The only play of any kind that I've ever directed is Come and Go, which I put on at Wolverhampton School of Art in 1970. I left it as enigmatic as I found it. Wolverhampton is a town designed by Samuel Beckett. I used the phrase 'Come and Go' as a title for a series of pictures relating to people on park benches in postcards [produced by the Arnolfini Gallery Bristol. cf Works and Texts to 1974, p. 154].
Beckett writes about people in hells, but they are not hells like Dante's, which has no hope. After the boiling of the miserable bowl there is a hard and irreducible speck of optimism: this is what makes Beckett for me a joyful author.
When Beckett was in London last year [1984], rehearsing the San Quentin group in Waiting for Godot at the Riverside Theatre, I was asked by David Gothard, its director, if I would come along and do some drawings.

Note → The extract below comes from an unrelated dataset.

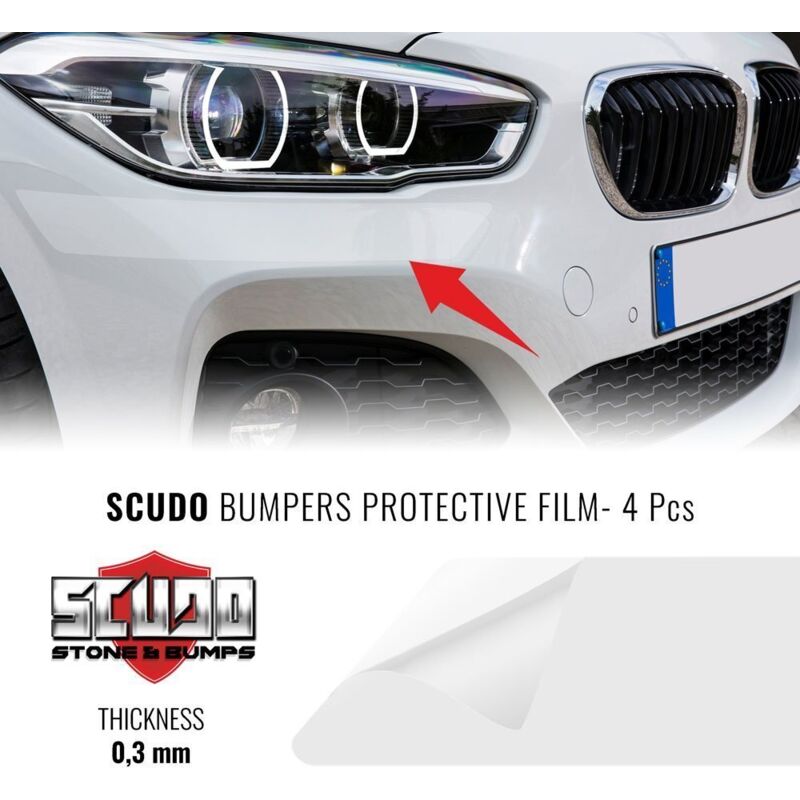 Protezioni Adesive, Paraurti Auto Scudo Bumpers, 7.5 x 45 cm, Spessore 0.3 mm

I sat in on five or six days of rehearsal. Beckett is a quiet and kind man, and was indulgent to the small group of earnest academics who hovered about and noted down every cough and whisper that came from him: he endured their parasitism with the dignity of a beast on the plain on whom cattle egrets perch and feed.

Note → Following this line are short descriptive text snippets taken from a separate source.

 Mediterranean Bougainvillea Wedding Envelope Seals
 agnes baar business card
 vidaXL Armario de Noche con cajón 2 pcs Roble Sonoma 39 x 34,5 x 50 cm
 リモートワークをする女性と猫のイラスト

The atmosphere at Riverside Studios is relaxed and at communal mealtimes there was often good talk. As time went on Beckett grew noticeably tired of being questioned about his work and being treated with inappropriate bonhomie by some of the egrets. He was giving, all the time, both to actors and academics; and there was no one who had anything to offer him.
I talked with him a few times and restricted my conversation to things like cricket and Dante and smoking. He smokes small, cheap cigars, happy with the ones that he could get at the local corner shop. He does not follow cricket these days and hasn't admired a batsman since Woolley. If he was as penetrating a slow left arm bowler as he was a critic of parts of my translation of Dante's Inferno, he must have been formidable. He is of course the only Nobel Prize winner to appear in Wisden.

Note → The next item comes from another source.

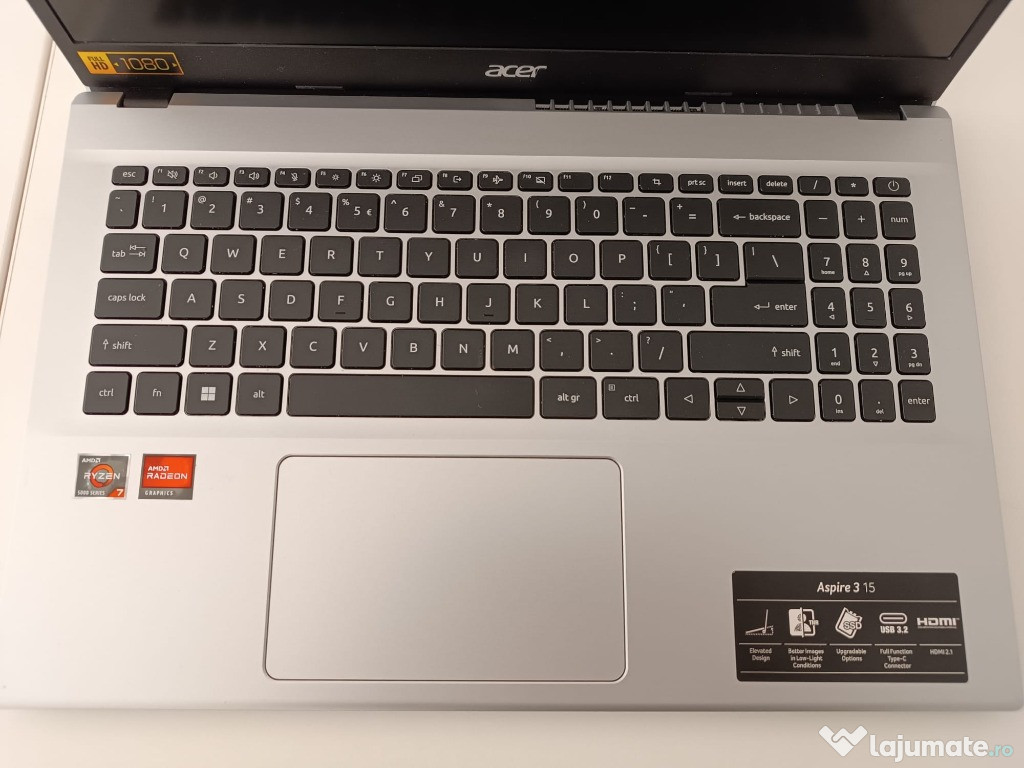 ????(1700lei) Laptop Acer Aspire 3 – Ryzen 7, 16GB RAM, SSD 512GB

The best bits of these London days were for him the solitary tube journeys to and from the theatre.
At the beginning I did not know quite how to set about drawing him. I'm not a very good lightning sketcher. To move up in front of him would evidently have been an intrusion on his work there. Sitting behind, trying to form a strategy, I gradually realized that the back of his head was as eloquent as the front, and as recognizable. Beyond the head from this viewpoint was of course the stage and his play. Beckett's privateness as a person would be both respected by the unobtrusive artist at his back and reflected in the picture which would emphasize, as he would, the work in favour of the man. Beckett has a half-military, half-monastic stillness which was helpful to my task. Mirroring this on the stage was a charcter who is condemned to remain still for large slice of the action, Lucky. After a few false starts, this seemed the ideal combination for an image which corresponded to physical and moral aspects of the event, an image which might have 'theatre'.
Initially I positioned myself so that I caught some of the side view of his face but settled in the end, in doing the most finished of the drawings, for a full back view in which each of Beckett's majestic ears is seen to good advantage: they are after all the most sensitive ears for language alive.
I tried in the final work to echo Beckett's own simplicity (his voice has taken up a thread first found in Britain in the sparse verbal commentary of the Bayeux Tapestry.) Of course I have not fully succeeded. No matter. Try again. Fail again. Fail better.